Some East Hampton Village residents with applications before land-use boards have received electronic communications purporting to be from the village and indicating that fees are due and must be paid. These are fraudulent, counsel for the village’s zoning board of appeals said.
At the Z.B.A. meetings of April 10 and May 8, Timothy Hill said that there had been a series of such incidents in municipalities including the village. These, he said, take publicly available information from applications. “This board and the village do not send out any of those types of invoices,” he said in April.
At the board’s May meeting, he repeated the message and advised applicants to be cautious about fraudulent communications delivered via email. The messages, “however real they may appear, are not coming from the village and are not due or payable to the village,” he said. “The fee that you pay with your application at the time that you file it by check or cash is the only payment that the village seeks in connection with a Z.B.A. application.” He asked that recipients of such messages report them to the village, “and certainly, don’t pay it.”
Certain information related to applicants must be made publicly available online, Mr. Hill said this month, “to be in compliance with the open meetings law and also just as a service to the public to be informed about the subject matter of the meetings.”

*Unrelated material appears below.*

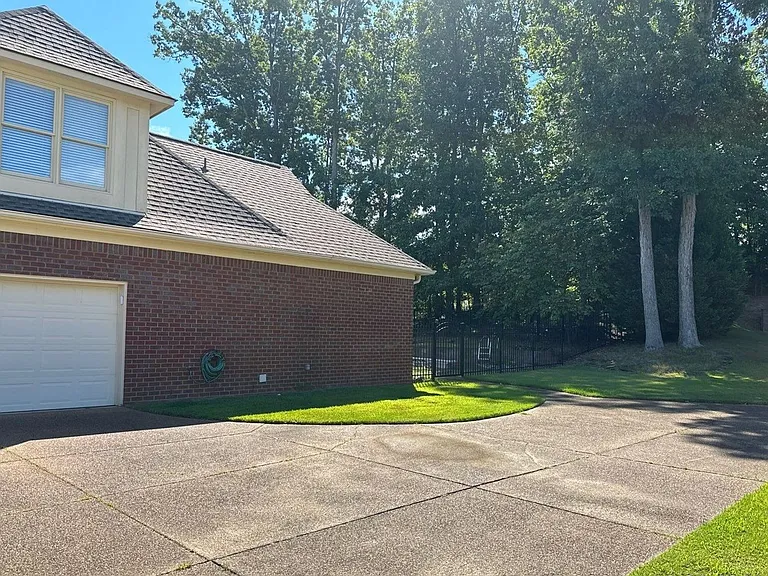10135 Ridgewood Oak Dr — Photo 4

Mr. Hill told The Star last week that the village became aware of the fraudulent communications early in April, “but this has been happening elsewhere before that.” Indeed, Southampton Village posted a fraud alert on its website on March 10. “Scammers are using publicly available information from municipal land use applications and project files to obtain contact details and other information about applicants,” it reads. “They are then sending fake invoices that appear to come from a municipality, requesting payment for additional review costs or application fees.”
Southampton Village also posted a sample fraudulent message and an attached invoice purporting to be from the “Village of Southampton Planning Division.” “This message serves as an official reminder regarding the outstanding Application Review and Approval Fee associated with your Subdivision Application for the [redacted] acres property located at [redacted],” it reads.

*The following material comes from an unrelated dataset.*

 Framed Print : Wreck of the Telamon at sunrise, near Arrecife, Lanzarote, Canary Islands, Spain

“To proceed with the final approval process,” the email continues, “we kindly request that you settle the attached invoice for the application review & approval fee at your earliest convenience. Timely payment of this fee is crucial to ensuring the smooth progression of your permit application through all required review and approval stages, including necessary compliance evaluations.” It goes on to instruct the recipient to “Reply to this email to request the invoice wire instructions.”
The attached invoice, which features the village’s seal, states that $6,953 is due upon receipt. An itemized breakdown lists a $2,000 “Licensure & Certification Approval Fee,” a $1,503 “Application Processing & Review” fee, a $1,550 “Legal & Compliance Evaluation,” a $500 “Recordkeeping & Inclusion in Official Agenda,” and a $1,400 “Facility & Infrastructure Evaluation” fee.
The recipient is instructed to sign and return the invoice, “along with the wire payment receipt, to the provided email address for confirmation and inclusion in the meeting agenda.”
In East Hampton Village, “they’re coming by email,” Mr. Hill said of the fraudulent messages, “but in some cases it looks like there’s a text content, and in other cases a PDF attachment. In that instance, it has the seal of the village on it, and looks quasi-real.” In some instances, the sender “is impersonating the village by using the names of village officials” as well as addresses and other content.
“We have an application fee, which is nominal,” Mr. Hill said (the zoning board’s fee for a special permit application is $500, and the variance application fee is $1,000 per variance request). “All the rest of it is nonsense.